Однажды мы играли в Петербурге концерт, на который пришло около 10 человек. Казалось бы, полный провал. Но я подумала, что надо быть честной и идти до конца, то есть выложиться по полной, как будто в зале 100 человек. Это очень сложно, гордыня начинает атаковать тебя со всех сторон. Внутренний голос говорит: «ну и кому вы нужны, вас никто не хочет слушать». Это испытание.
Но после концерта ко мне подошла девушка и сказала, что она хочет, чтобы я знала, что на свете есть хотя бы один человек, в сердце которого играет моя музыка. Так и сказала. Мне эти слова запомнились навсегда.
— А чем еще наполнена ваша жизнь?
— Кроме музыки, моя жизнь наполнена моей маленькой дочкой Мартой и еще я учусь на психолога, хочу заниматься музыкальной психотерапией. Кстати, на нашем новом альбоме — «Аласкавль» одна из песен посвящена Марте. Это размышление на тему того, кем я должна быть для нее.
Сейчас, когда я прижимаю ее к себе, знаю каждое ее движение, понимаю любой взгляд, мне сложно представить, что когда-то она полностью станет отдельным человеком. Сейчас кажется, что это произойдет не скоро, но между этим моментом и тем, когда она станет взрослой — один щелчок пальцев.
— Вы же еще на французском поете?
— Да, в альбоме есть песня на французском. Мне давно хотелось написать что-то на французском. А тут Миша Макаров, наш скрипач, сочинил тему, я послушала и поняла, что это должна быть французская песня. Она получилась очень атмосферная.

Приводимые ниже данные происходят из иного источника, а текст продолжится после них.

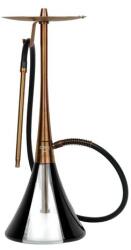 Oduman Orion Hookah Bronze Body-Black Glass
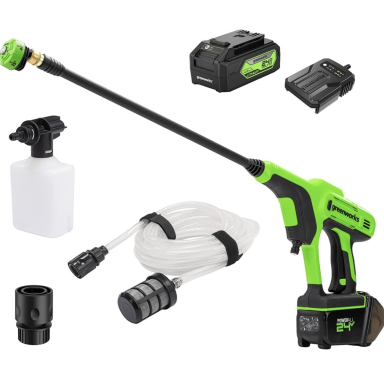 Greenworks AKUMULITORINĖ PLOVYKLA G24WP (24V 4Ah akumuliatorius) Greenworks AKUMULITORINĖ PLOVYKLA G24WP (24V 4Ah akumuliatorius)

Потом я вспомнила, как после нашего первого квартирника в Seasons Ольга Сергеева (главный редактор Seasons of life), сказала нам, что нам надо бы петь на французском. Так что ее пожелание естественным образом сработало.
— Вы производите впечатление очень хрупкого человека… как вы справляетесь со всем?
— Мы скорее сильны и непроницаемы, чем хрупки и уязвимы. Я уверена, что ничего бы не получилось, и нам бы никто не помогал, если бы не эта сила. Мы настоящие. И делаем это от чистого сердца, как бы банально это ни звучало.
Конечно, очень много сложностей приходится преодолевать все время. С одной стороны, есть интернет, который, по сути, позволяет любому музыканту быть услышанным, но теперь приходится с таким трудом доставать из огромного количества музыки что-то стоящее.
Поэтому теперь у музыкантов другая проблема — нужно постоянно где-то мелькать, с кем-то договариваться, а мне это очень сложно дается. Я не люблю навязываться, поэтому делаю это всегда через силу.
— Ты не любишь выходить из зоны комфорта?
— Для меня самый комфортный образ жизни — это постоянное движение, постоянное развитие. Хотя с одной стороны — это парадокс, потому что развитие — это как раз выход за пределы зоны комфорта.
Когда родилась Марта, я оказалась в ситуации, когда все вдруг остановилось, каждый новый день был абсолютно таким же, как и предыдущий, времени на себя практически не было, но тогда я поняла, что ничего не остановилось, а масштаб сильно уменьшился, я стала смотреть на каждый день будто под микроскопом, замечать малейшие изменения и снова видеть и чувствовать движение, но с другой скоростью.
Я тогда пела круглые сутки, придумала десятки колыбельных, которые так никогда и не будут записаны, потому что я их все забыла. И, да, какое счастье, что для того, чтобы петь, ничего не нужно — просто петь.
— А у тебя есть рецепт, как сделать так, чтобы было хорошо, когда все плохо?
— Да никак. Я считаю, что все эмоции нужно проживать. Если плохо, то побыть в этом «плохо», наблюдать за собой, за своими чувствами, понимать, почему плохо.
И, главное, помнить, что все непостоянно, поэтому «плохо» обязательно закончится. Но и «хорошо», соответственно, тоже.